Crawled caption data
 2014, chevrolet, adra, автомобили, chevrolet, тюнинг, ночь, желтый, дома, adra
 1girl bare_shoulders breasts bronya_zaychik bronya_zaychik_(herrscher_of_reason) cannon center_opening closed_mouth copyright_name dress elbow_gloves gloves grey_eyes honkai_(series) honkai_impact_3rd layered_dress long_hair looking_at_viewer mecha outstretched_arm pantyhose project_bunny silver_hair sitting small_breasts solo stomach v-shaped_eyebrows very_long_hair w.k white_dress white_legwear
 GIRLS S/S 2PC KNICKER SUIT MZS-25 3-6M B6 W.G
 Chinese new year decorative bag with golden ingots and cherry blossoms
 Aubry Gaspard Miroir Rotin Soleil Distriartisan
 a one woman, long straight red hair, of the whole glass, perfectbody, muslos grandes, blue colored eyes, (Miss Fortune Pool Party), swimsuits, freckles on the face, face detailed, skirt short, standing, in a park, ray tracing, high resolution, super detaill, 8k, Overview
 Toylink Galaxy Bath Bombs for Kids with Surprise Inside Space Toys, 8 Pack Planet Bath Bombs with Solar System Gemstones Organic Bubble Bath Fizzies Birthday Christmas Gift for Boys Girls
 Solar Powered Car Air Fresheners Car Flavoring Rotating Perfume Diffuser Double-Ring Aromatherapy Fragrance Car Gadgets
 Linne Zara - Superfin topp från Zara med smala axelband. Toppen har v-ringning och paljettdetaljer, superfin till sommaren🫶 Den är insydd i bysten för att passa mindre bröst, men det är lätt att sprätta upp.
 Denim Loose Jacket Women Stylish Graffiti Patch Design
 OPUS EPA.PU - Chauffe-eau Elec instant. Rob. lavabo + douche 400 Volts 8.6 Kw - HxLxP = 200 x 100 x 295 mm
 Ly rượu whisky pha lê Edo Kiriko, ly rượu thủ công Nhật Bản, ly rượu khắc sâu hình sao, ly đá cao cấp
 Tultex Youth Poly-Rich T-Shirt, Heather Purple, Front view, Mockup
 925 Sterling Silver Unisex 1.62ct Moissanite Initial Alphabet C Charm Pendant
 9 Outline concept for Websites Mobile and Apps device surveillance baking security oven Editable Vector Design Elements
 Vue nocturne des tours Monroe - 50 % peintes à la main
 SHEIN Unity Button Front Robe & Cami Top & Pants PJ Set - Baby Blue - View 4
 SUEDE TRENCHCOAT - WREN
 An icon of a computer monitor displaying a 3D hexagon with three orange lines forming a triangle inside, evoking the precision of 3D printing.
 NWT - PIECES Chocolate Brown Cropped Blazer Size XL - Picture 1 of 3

Assigned task
The answer must consist of each line from the data that includes the string "Solar".

Solution for this exercise
 Toylink Galaxy Bath Bombs for Kids with Surprise Inside Space Toys, 8 Pack Planet Bath Bombs with Solar System Gemstones Organic Bubble Bath Fizzies Birthday Christmas Gift for Boys Girls
 Solar Powered Car Air Fresheners Car Flavoring Rotating Perfume Diffuser Double-Ring Aromatherapy Fragrance Car Gadgets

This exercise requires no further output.